Il nous enseignait la morale par des sentences qu'il écrivait sur le tableau noir le matin. J'ai gardé le souvenir de l'une d'entre elles - une seule ! - "Le drapeau passe, chapeau bas!"

Il avait néanmoins un défaut : il aimait trop les femmes... Les mères d'élèves, dont ma mère,  n'osaient pas le rencontrer seules. Après la mort de sa femme, l'aide-ménagère envoyée par mes cousins a tenu quelques jours, pas plus! Il aimait beaucoup Maudy mon épouse, mais avec respect. Il a connu nos enfants (son couple n'en avait pas). Nous nous efforcions, Maudy et moi de leur cacher les bonbons que sa femme et lui leur donnaient (mais nous repartions à Paris avec la bouteille de whisky qu'il ne manquait pas de nous confier!)

Roger avait beaucoup de respect pour les autres, en particulier les moins considérés. Je me souviens qu'il avait, derrière sa porte d'entrée, sur une boîte à clefs, des pièces pour donner en pourboire aux livreurs ou facteurs, et pour l'époque, ce n'étaient pas ce que nous appelons des pièces jaunes. De même au restaurant où il aimait nous inviter.

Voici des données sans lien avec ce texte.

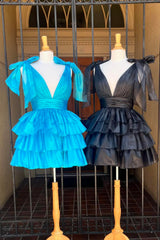 Dressystars A Line Royal Blue Homecoming Dress Short Prom Dress With Ruffles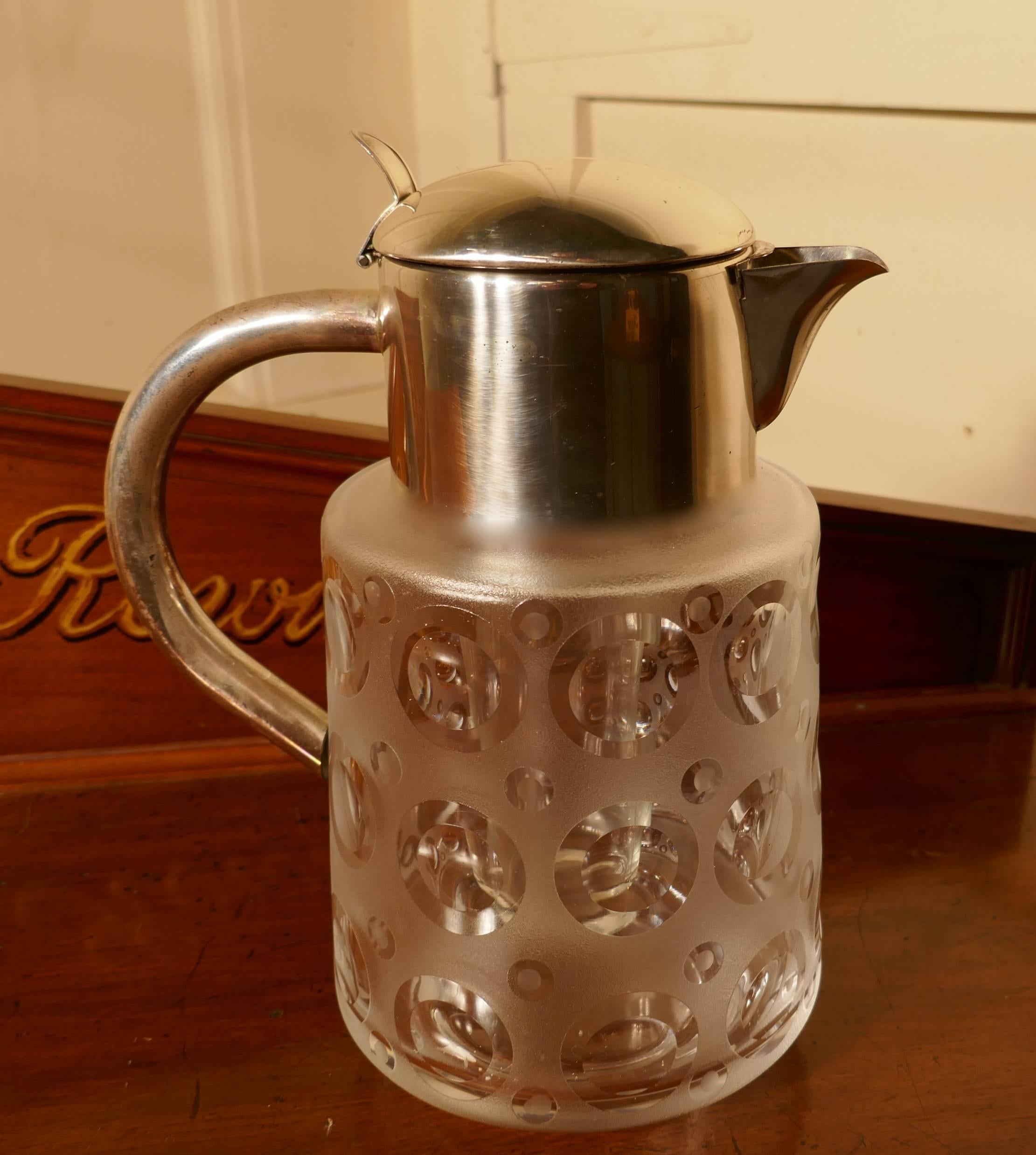 20th Century  Art Deco Silver Plated Chiller Jug, Wine, Ice Cold from Germany For Sale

Roger n'a jamais voulu fréquenter les châtelains du village, réflexe d'ancien communiste ? Le curé, il le respectait sans plus et ce dernier faisait de même, le "prêt" d'enfants de choeur en témoigne. Encore une anecdote : ce curé de notre village fut nommé dans une paroisse à quelques kilomètres de Cognac. Roger l'invita une fois ou l'autre, par politesse, mais sans plus.

Il est mort presque centenaire; son cousin prêtre a célébré la messe; nous n'avons pu être présents dans son petit village natal à proximité de la Charente.

Je pense qu'il aurait aimé apprendre que j'avais obtenu mon doctorat  et qu'il en aurait été fier; de la grammaire aux "Lettres", un fil rouge ? Merci Roger!